For more examples, see section 9.6.5.i, "Encryption alone does not
guarantee data integrity", in [HAC][hac].
[hac]: http://cacr.uwaterloo.ca/hac/
## Cryptographic hash functions
Both MACs and digital signatures use another primitive that we'll cover
first: a *cryptographic hash function*, also called a *message digest*,
which takes an arbitrary size input m and produces a fixed length output H(m).
The output length is typically 128–1024 bits. The goal of a
cryptographic hash is to produce a compact representation of an original
object. That representation should behave much like a fingerprint:
- It's hard to find 2 people with same fingerprint. That's true
whether you get to pick pairs of people, or whether you are given
one person then must find another. That means fingerprints are
**collision resistant**.
- Given a person, it's easy to get their fingerprint. But given a
fingerprint, it's hard to find the person it came from. (Which is
why law enforcement invests money in building databases to do just
that.) That means fingerprints are **one way**.

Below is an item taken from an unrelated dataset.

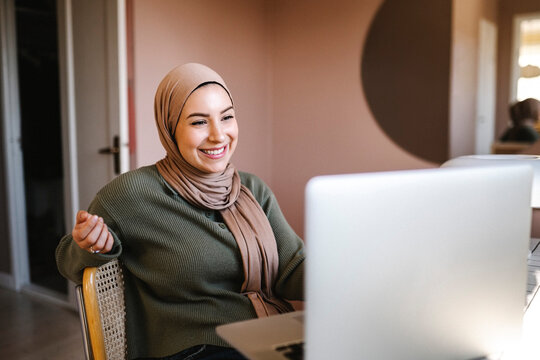 Happy young freelancer looking at laptop while working from home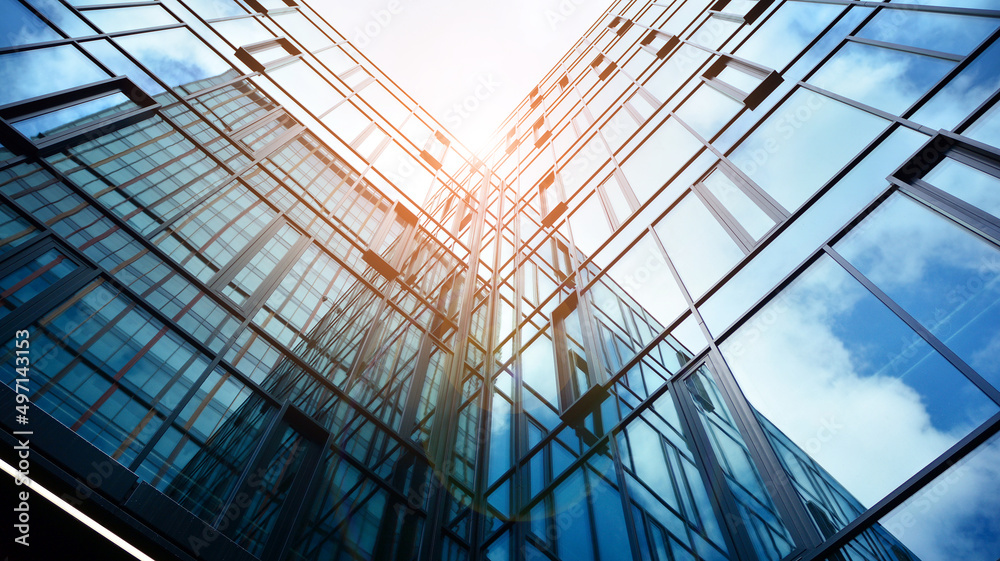 Modern office building with glass facade on a clear sky background. Abstract close up of the glass-c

Likewise, cryptographic hash functions must be collision resistant and
one way. Cryptographic hash functions are not the same as the
ordinary hash functions that are used to implement hash tables, even
though both compress their inputs. Collision resistance and one way-ness
are not required of ordinary hash functions.
The strength of a hash function is, in the absence of any clever
attacks, half the function's output length. E.g., if the output length
is 256 bits, then the strength is at most 128 bits. Why? There's a
generic attack that works on all hash functions that halves the security
level. It's called the *birthday attack*.
MD5 and SHA-1 used to be the most commonly used hash functions. But:
- The collision resistance of MD5 (invented by Ron Rivest in 1991) was
broken in 2004–8. It's now possible to find collisions in mere
seconds. Moreover, the collisions can even be engineered to be
(maliciously) useful, for example, [generating rogue CA
certificates](http://www.win.tue.nl/hashclash/rogue-ca/).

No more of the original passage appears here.